Anyone who believes girls are “empowered” through what Hamilton considers “exploitation of their sexuality” is a “postmodern radical,” whatever that might be, clearly nothing good as far as Clive is concerned, and someone too ignorant to know there’s a difference between empowerment and exploitation to boot.

The “postmodern radical” also believes that the production and consumption of porn is a valid  part of female sexual empowerment. Really?

How does Clive get himself to these conclusions? Oh, silly me, it’s not difficult when all “postmodern radicals” share the same sensibilities as Hugh Hefner.

So, let me get this straight. A postmodern radical is someone who thinks that Playboy was the end of sexism?

A postmodern radical is someone who can’t tell the difference between empowerment and exploitation?

A postmodern radical confuses sex with pornography and needs Clive, MTR, Gail and Abigail to rescue him or her from that cesspool of confusion and filth?

A postmodern radical is a really, really bad thing to be?

If you don’t agree with Clive Hamilton you’re a postmodern radical and therefore probably really, really bad?

Excuse me while I get some air, I’m totally overcome by the ethical elegance of Hamilton’s arguments.

I don’t know about anybody else, but I’m getting seriously irritated by  Hamilton’s codswallop disguised as ethics. I’d like to know what exactly is ethical about stereotyping other human beings because they disagree with you? I’d like to know what is ethical about reductionism?

I’d like to know  what is ethical about an argument that lumps every dissenter in with every other dissenter and concedes no variation in their dissent, rather condemns the whole lot solely because it does not accord with your point of view?

Sweeping generalizations are the hallmark of many anti porn arguments, and their fatal weakness. Sweeping generalizations are intellectually lazy, and dehumanizing. They are the antithesis of ethical debate.

There are many decent, ethical, and generous people who have profound concerns about certain types of pornography and its possible effects, and many people who have serious concerns about the treatment and well-being of actors who participate in its production. It is disgraceful that Clive Hamilton should contemptuously dismiss such people because they may disagree with him on the definitions and understandings of pornography put forward by him and his fellow activists.

Nobody owns the rights to moral and ethical concerns about the production, consumption and effects of pornography. Mr Hamilton and his fellow activists do not determine for the rest of us what those concerns are or should be by high handedly assuming an imaginary right to legitimize and validate them, according to their own beliefs and values.

If Mr Hamilton and his fellow activists are to continue to complain about being described as “anti-sex wowsers” perhaps they need  to consider that their own acts of reductionist stereotyping are equally alienating, and serve equally little purpose.

If the attitude of anti porn activists continues to be one of “you’re with us or against us” they will achieve nothing lasting.
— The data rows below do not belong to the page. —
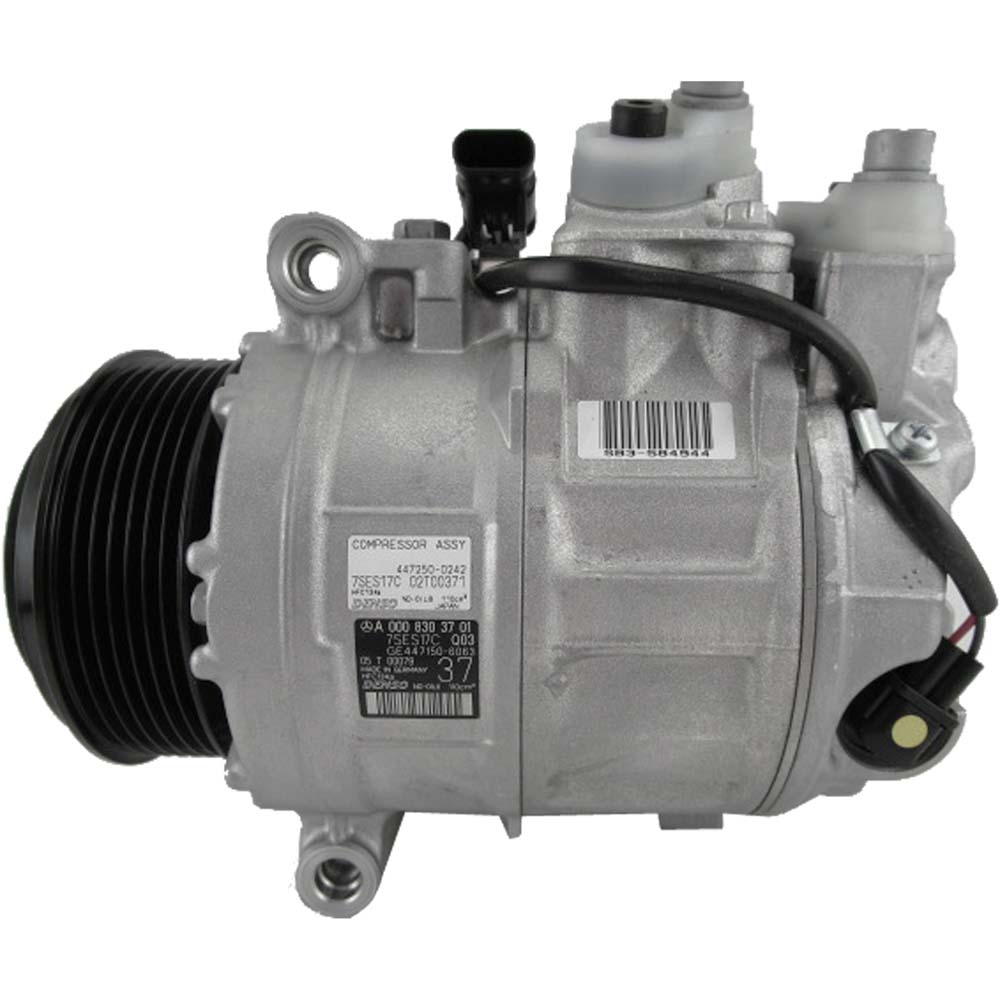  mercedes benz Maybach S650 A/C Compressor 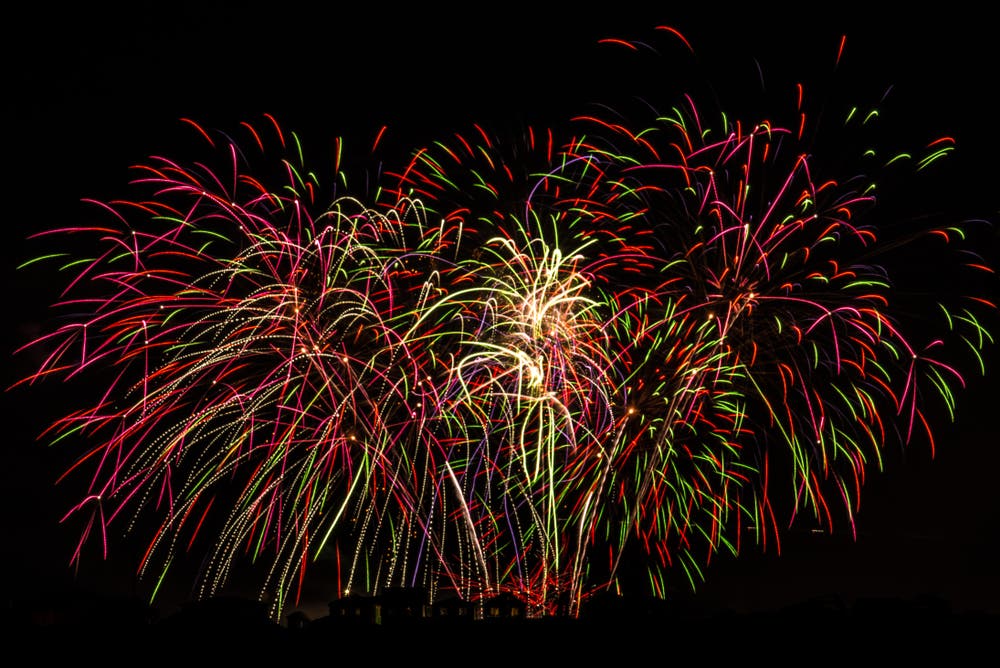 Boom by the Bay at Tampa’s Riverfront Park 2024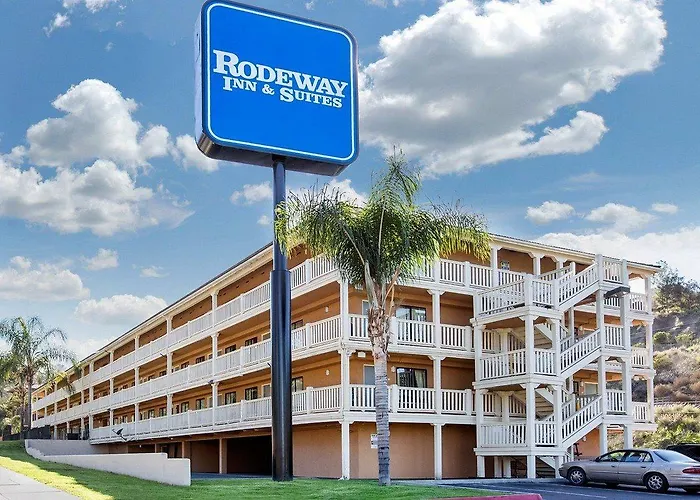 Rodeway Inn & Suites El Cajon San Diego East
Nobody will listen to them, except those who are already in agreement. They need to remind themselves that they are merely a part of society, not the whole, and that there is a wide range of opinion on this topic from people equally, and sometimes more, intelligent and informed as themselves.

That’s if they want to be ethical.

And if they don’t, then where do they get off, bagging Hugh Hefner?